Lundi 9 août, 14h30. Nous arrivons au point de rendez-vous, devant un bar nommé L’Avenir dans la commune du Vigan (Gard). Le nom du bar sonne un brin prophétique face à la semaine qui nous attend. Nous sommes trente-six, dont huit enfants et adolescents, le plus grand groupe de l’été à venir faire un stage chez Etika Mondo. Un écolieu situé au cœur du parc des Cévennes, tenu par Boris et Émilie.

Depuis 2018, le couple, accompagné d’une équipe de volontaires permanents ou ponctuels, s’active pour restaurer ce domaine de six hectares et en faire un modèle de société écologique. Chaque été, ils organisent aussi des stages pour partager leur expérience avec des personnes de tous âges et de tous horizons. 

Une expérience qui attire de plus en plus. Les deux dernières années, Etika Mondo a accueilli plus de 450 stagiaires. Un chiffre qui confirme l’intérêt pour les écolieux, les écovillages et les habitats participatifs écologiques en France. On en compte aujourd’hui près d’un millier, selon la coopérative Oasis.

À lire aussi : Ces communautés qui préparent le monde d’après

Le stage permet aussi de s’initier aux low-tech, par exemple le four ou le chauffe-eau solaires. (Crédit : Christelle Gilabert)

Permaculture, écoconstruction, travail du bois…

Une fois arrivés, l’ensemble de l’équipe profite d’un goûter convivial pour nous présenter le programme. La semaine s’annonce intense. Cinq jours pendant lesquels vont s’enchaîner du matin au soir balades en forêt, ateliers pratiques, cours théoriques et activités collectives.

Chez Etika Mondo, la mission affichée est double : subvenir aux besoins humains tout en améliorant la biodiversité. Et ce n’est pas un discours utopique. Chaque jour, des actions très pratiques sont organisées, en s’appuyant sur les sciences de l’écologie. Les ateliers quotidiens permettent de s’initier à la permaculture, au travail du bois, à l’éco-rénovation, à la construction en pierres sèches…

Et lorsque Boris évoque les valeurs qu’il tire de cette expérience de transition, nous sommes frappés par leur dimension presque militaire : “détermination”, “rigueur”, “efficacit锓 Sans action, il n’y a pas d’intelligence”, martèle-t-il. “En écologie, c’est par le faire que l’on progresse.”

Autant d’activités qui se révèlent méditatives voire libératrices.
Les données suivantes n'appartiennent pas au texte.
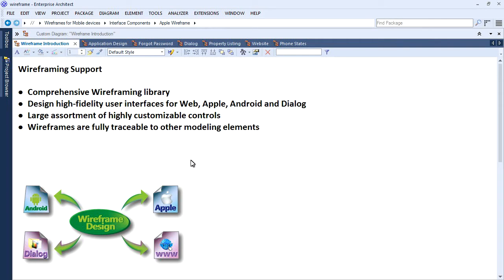Enterprise Architect 12 includes a comprehensive wireframing library to design high fidelity user interfaces for Apple devices, Android phones and tablets, web technology and screen dialogs. Each wireframe element is fully traceable to requirements, use cases and strategic models, allowing you to build a robust, well-designed, requirements-driven interface.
Nous découvrons le bonheur de buriner un mur ou de tamiser de la terre. De travailler avec ses mains et de pratiquer des activités essentielles. 

Lors de nos balades en forêts, on apprend ainsi à observer méticuleusement le paysage pour en comprendre toutes les subtilités : quelles sont les espèces présentes ? Lesquelles sont comestibles ? Comment l’humain influe sur les écosystèmes ? 

L’écolieu s’alimente grâce à un potager en permaculture. (Crédit : Christelle Gilabert)

L’écolieu, ou l’apprentissage de la sobriété

En dehors des ateliers, le stage dans cet écolieu nous fait découvrir les joies de la sobriété pour limiter la consommation d’eau et d’énergie. En cette période estivale, la douche au seau se révèle plutôt agréable. On réalise surtout le peu d’eau nécessaire par rapport à une douche classique. Nous nous lavons au savon de Marseille pour éviter l’introduction de produits chimiques. Les midis, nous mangeons cru, sans renoncer à des repas généreux et gourmands.

La difficulté est surtout d’accepter qu’une vie écologique demande du temps, de l’énergie et de l’organisation. Chaque jour les participants sont répartis en groupes pour s’atteler à l’entretien de l’écolieu et à la vie en collectivité : préparation des repas, nettoyage ou fabrication du pain. Mais on ne parle ici ni de “corvées” ni de “tâches ménagères”. Mais plutôt de “soins”, car “tous ces gestes contribuent au bien-être commun”.

Fabrication d’un enduit écologique à base de sable, de paille et d’argile pour recouvrir les murs. (Crédit : Christelle Gilabert)

Résultat : si certains d’entre nous redoutaient la vie en communauté avant le stage, l’expérience se révèle une bonne surprise. La bienveillance, l’entraide et l’enthousiasme ont régné toute la semaine. 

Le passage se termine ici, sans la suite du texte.